After finding the line that holds "Modellino auto rivista" below, set down that line and the rest through the final one exactly, leaving the pictures out.

» **SUPPLIED DATA**

● ● ● ● ●

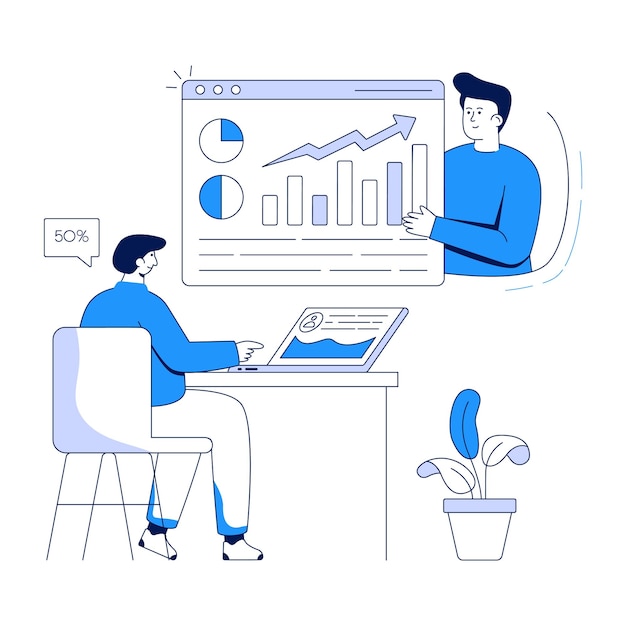 Flat illustration design of business analysis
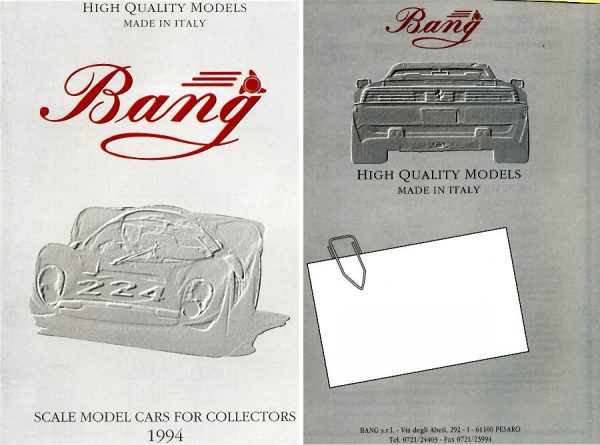 Modellino auto rivista book booklet Bang  CATALOGO BANG  FORMATO A5 PAG.44 modellismo statico diecast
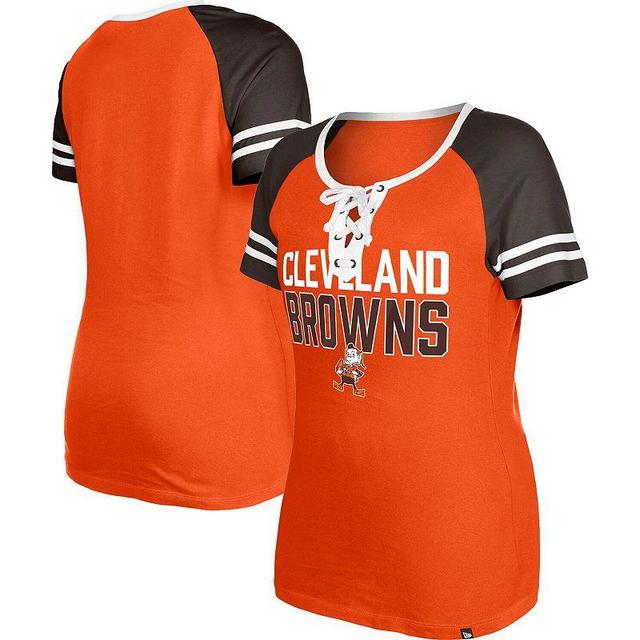 Womens New Era Cleveland Browns Throwback Raglan Lace-Up T-Shirt Product Image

● ● ● ● ●

» **YOUR SOLUTION**
 Modellino auto rivista book booklet Bang  CATALOGO BANG  FORMATO A5 PAG.44 modellismo statico diecast
 Womens New Era Cleveland Browns Throwback Raglan Lace-Up T-Shirt Product Image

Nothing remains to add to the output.